Has Obama changed his mind on gay marriage?

The president officially supports same-sex civil unions, but not gay marriage. So why is his administration abandoning the federal gay-marriage ban?

In 2009 activists urged Obama to live up to campaign promises made to the LGBT community; the administration announced yesterday it will no longer defend the federal gay-marriage ban in court
(Image credit: Getty)

President Obama shook up the debate on gay marriage Wednesday when his Justice Department announced that it will no longer defend a key part of the 1996 Defense of Marriage Act (DOMA) in court. The administration will still enforce the federal ban on gay marriage, until Congress acts or the courts offer a "definitive verdict." But declaring that he thinks the gay-marriage ban is unconstitutional is a big legal shift for Obama, who once taught constitutional law.
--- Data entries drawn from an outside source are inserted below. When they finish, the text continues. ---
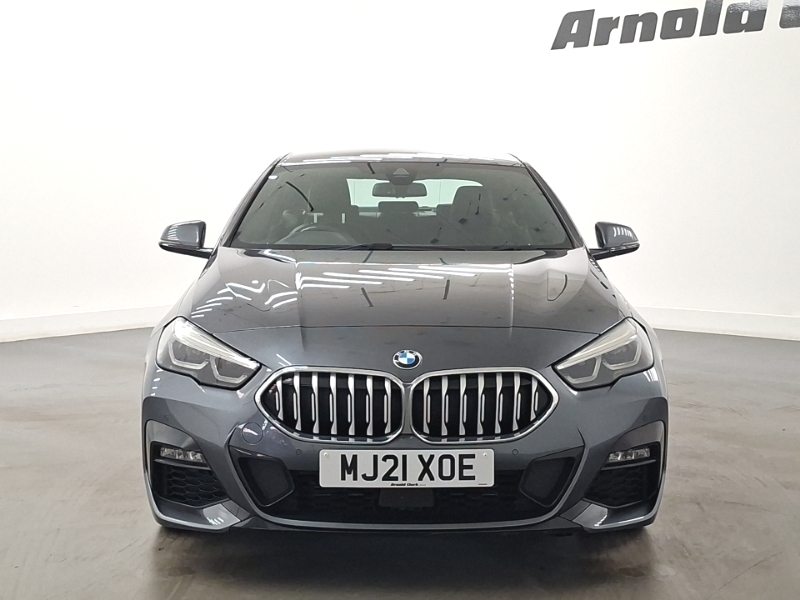 BMW 2 Series 218D M Sport Blue #14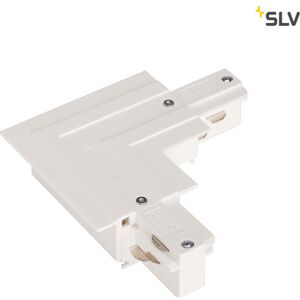SLV Hvid 3-faset belysningsskinne-tilslutning - Lysystemkomponent SLV Hvid 3-faset belysningsskinne-tilslutning - Lysystemkomponent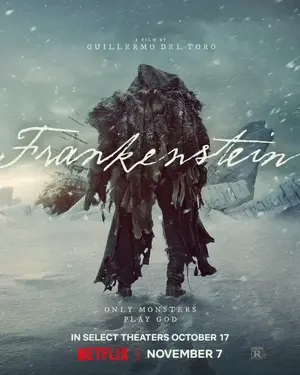 Frankenstein — ranked #12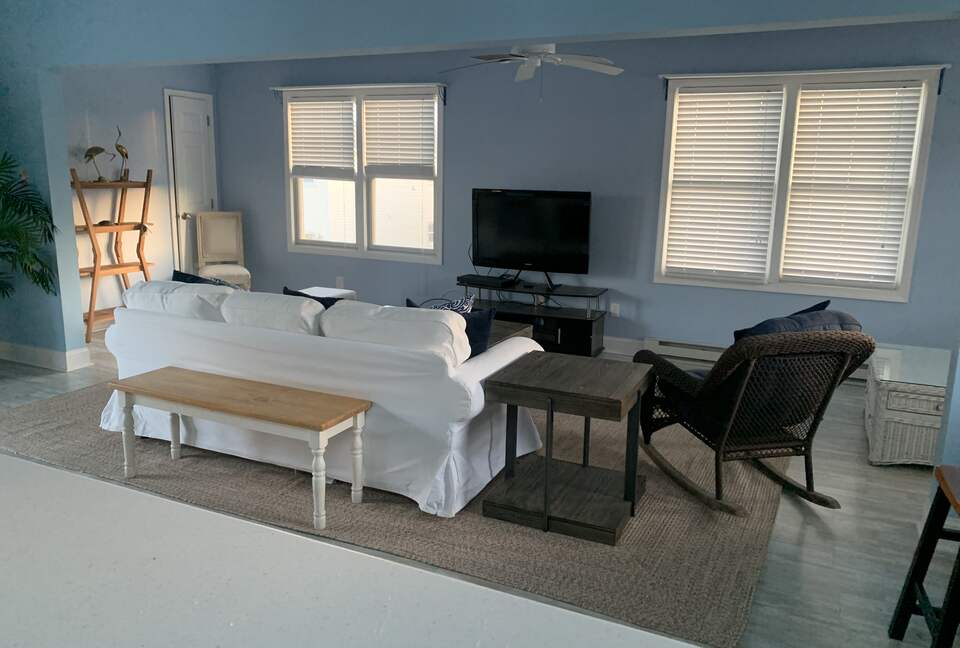 Beautiful Beach Condo with Ocean Views - Brigantine, New Jersey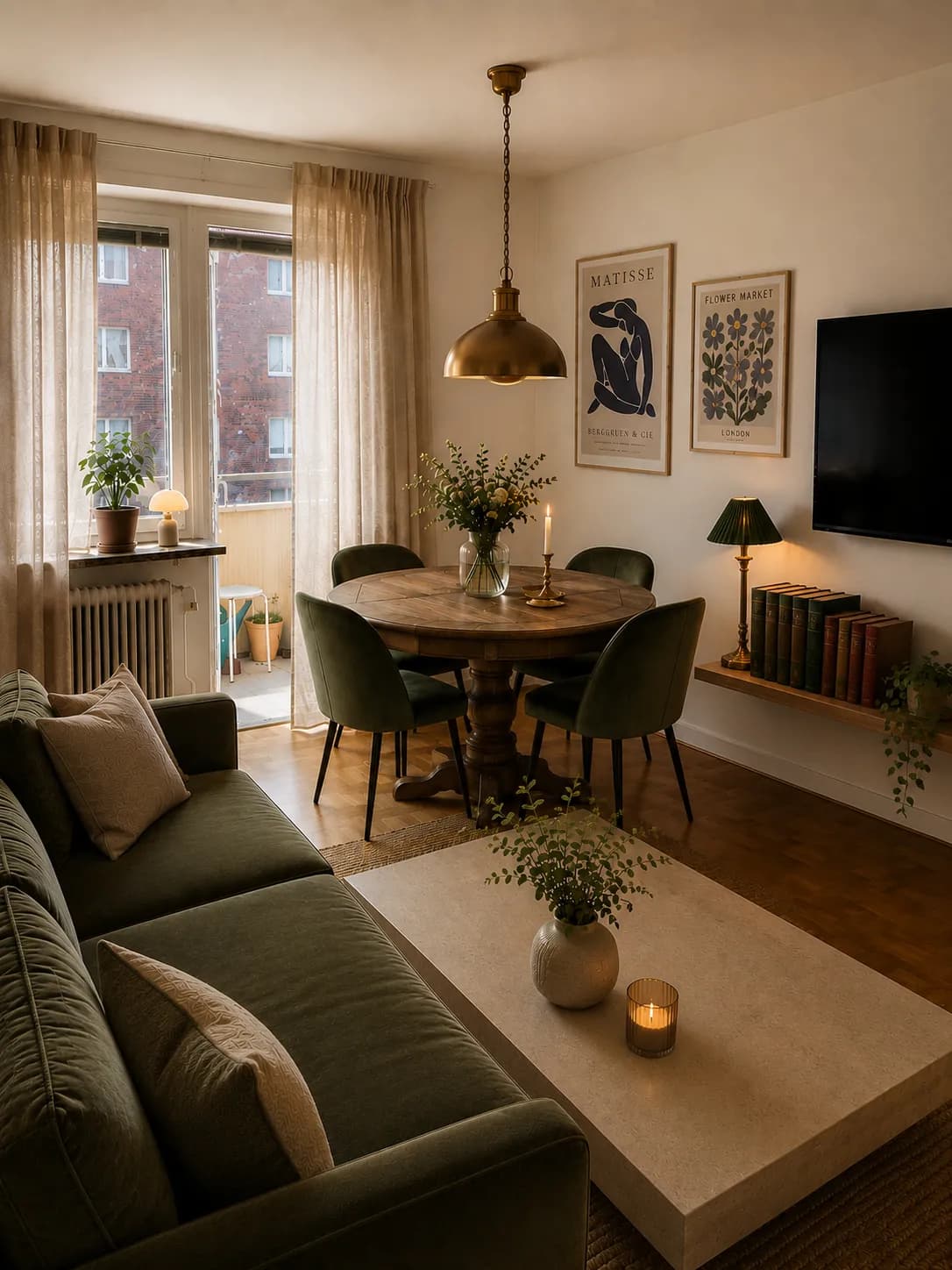 Lådämnesgatan i Göteborg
Since Obama is on record as favoring same-sex civil unions but opposing gay marriage, is this a personal shift, too? (Watch White House spokesman Jay Carney announce Obama is "grappling" with the issue)

Obama is finally coming out on gay marriage: "Did anyone on any part of the political spectrum ever actually believe that Obama opposed gay marriage?" asks Stanley Kurtz in National Review. Of course not. Obama's "centrist mask is slipping." How much longer can he continue resisting "full disclosure of his leftist political allegiances"?